Peccato manchi una modalità foto: un gioco così bello ne gioverebbe; del resto anche se talvolta A Plague Tale non è piacevolissimo riesce a colpire il giocatore in ogni momento.
Anche i modelli dei personaggi sono rifiniti, con una cura dei dettagli sempre sopra la media.
Il sonoro è di sicuro impatto, complice la colonna sonora composta da Olivier Deriviere (conosciuto per i suoi lavori si Obscure, Vampyr o Alone in the Dark) che utilizza in prevalenza gli archi, per un sottofondo musicale azzeccato.
Il doppiaggio è limitato ai soli inglese, francese e tedesco; una scelta molto anni’90 che un po’ stupisce tuttavia, volendo sempre trovare il risvolto positivo delle cose, consiglio di settare la lingua in francese se non altro per immergerci ancora di più nella storia. I sottotitoli sono comunque in italiano.

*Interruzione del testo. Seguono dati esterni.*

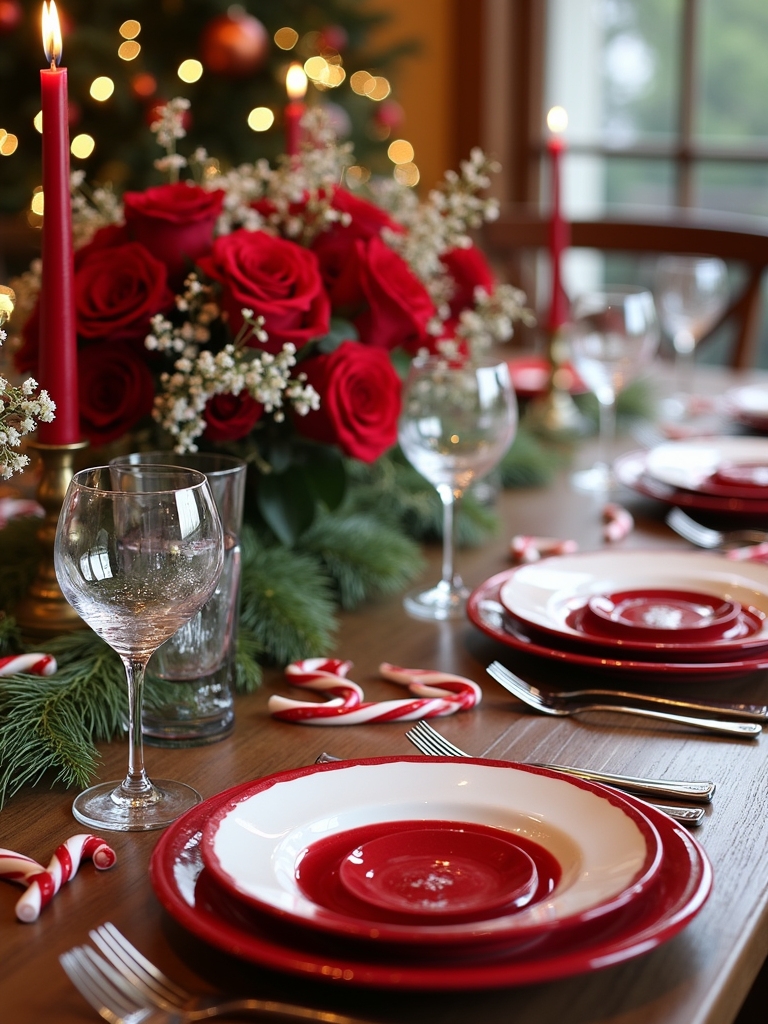festive red and white dishware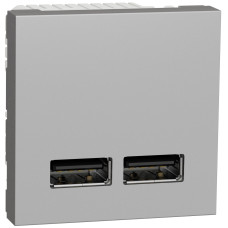 Розетка USB зарядна подвійна 2.1А, тип А, 2 модуля, алюміній, Unica NEW NU341830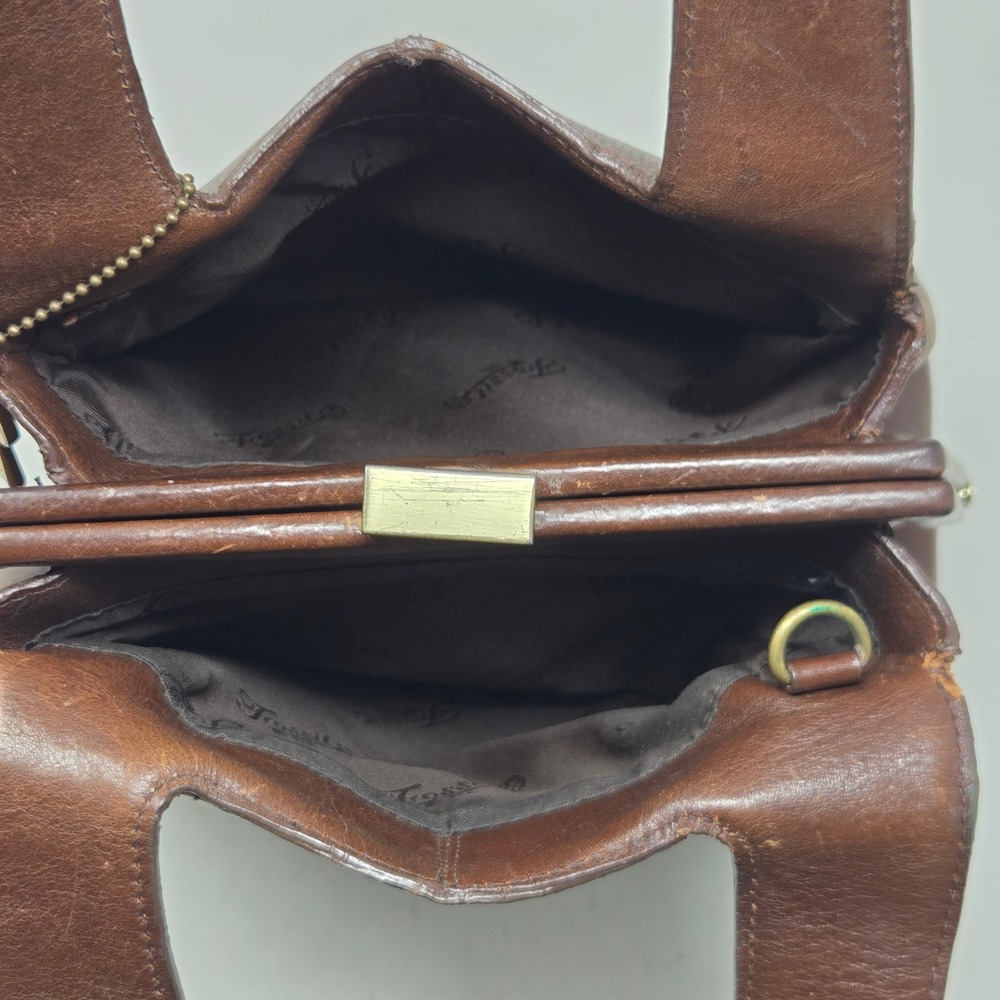 Fossil 1954 Vintage Brown Leather Handbag Frame Top Tote Bag 75082 - Picture 9 of 13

La recitazione è di buon livello, più di quanto non ci si aspetti da un titolo indipendente; tutto considerato, contesto, narrativa e qualità generale elevano A Plague Tale al livello più alto raggiungibile da un titolo che non sia un blockbuster di una major.
Ti sentirai coinvolto, profondamente, in quello che succede nel gioco e questo è grazie all’eccellente comparto narrative.